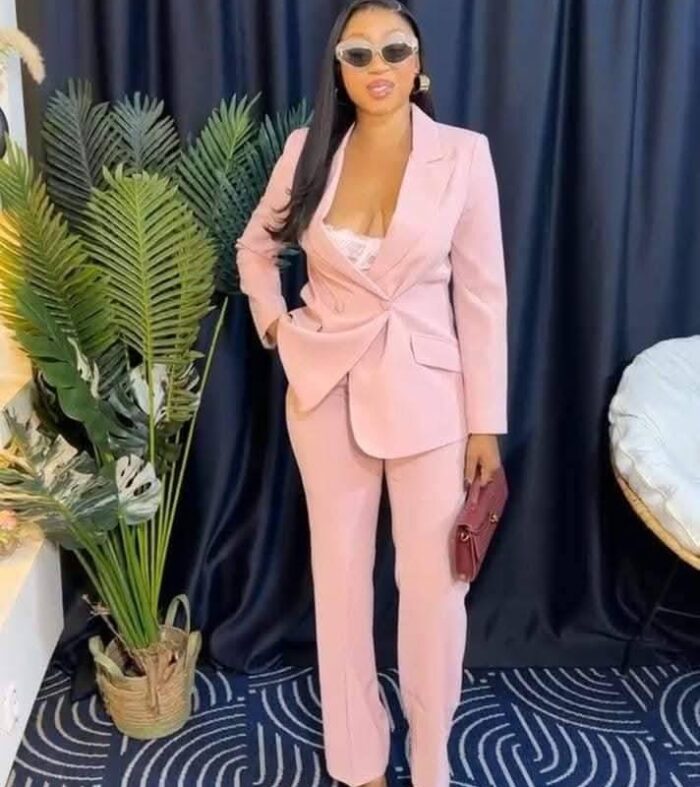 Tailleur Rose Poudré – Veste Croisée & Ceinture Élégante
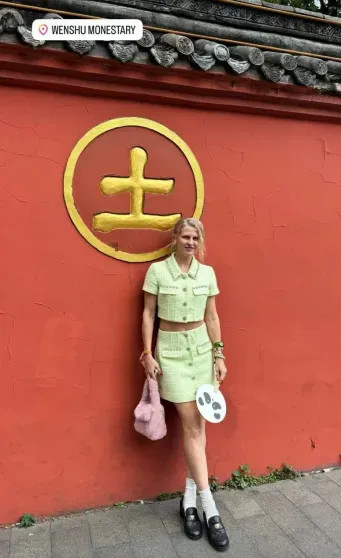 Курс на Восток: Ксения Собчак, Полина Киценко и Аврора Киба проводят время в Китае, а девушка Павла Дурова посетила Токио АхалаяАнка, Вавилова, Собчак, ЮнусоваАнна, ТокиоЮлия, КиценкоПолина, ШанхаеАврора, девушка, ШанхаеКсения, ТокиоАврора, ШанхаеЮлия, СобчакКсения, Ксении, ШанхаеФото, Российские, ШанхаеДарья, Basel, искусства, современного, ярмарок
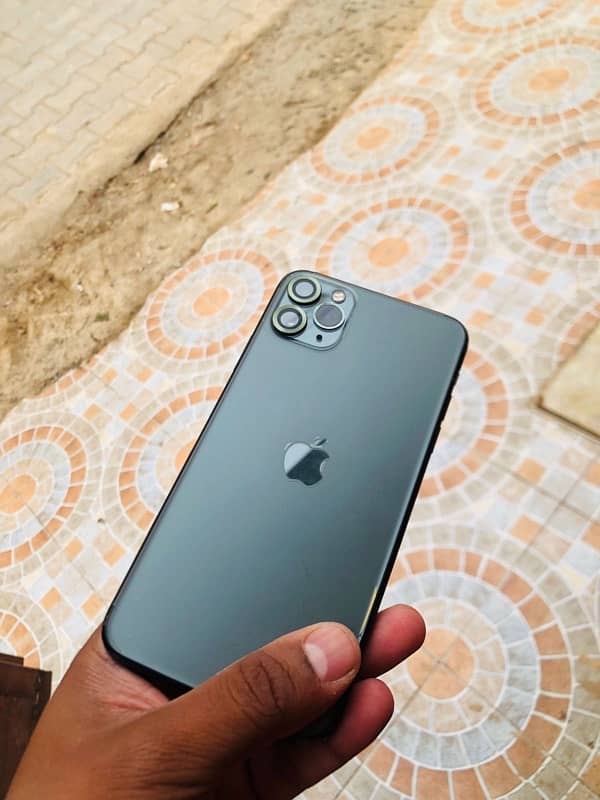 IPhone 11 Pro Max 256GB Factory Unlocked 0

-------

# [Exercise brief]
Except for the pictures, the whole listing above should be transcribed exactly.

# [Output for this exercise]
 Tailleur Rose Poudré – Veste Croisée & Ceinture Élégante
 Курс на Восток: Ксения Собчак, Полина Киценко и Аврора Киба проводят время в Китае, а девушка Павла Дурова посетила Токио АхалаяАнка, Вавилова, Собчак, ЮнусоваАнна, ТокиоЮлия, КиценкоПолина, ШанхаеАврора, девушка, ШанхаеКсения, ТокиоАврора, ШанхаеЮлия, СобчакКсения, Ксении, ШанхаеФото, Российские, ШанхаеДарья, Basel, искусства, современного, ярмарок
 IPhone 11 Pro Max 256GB Factory Unlocked 0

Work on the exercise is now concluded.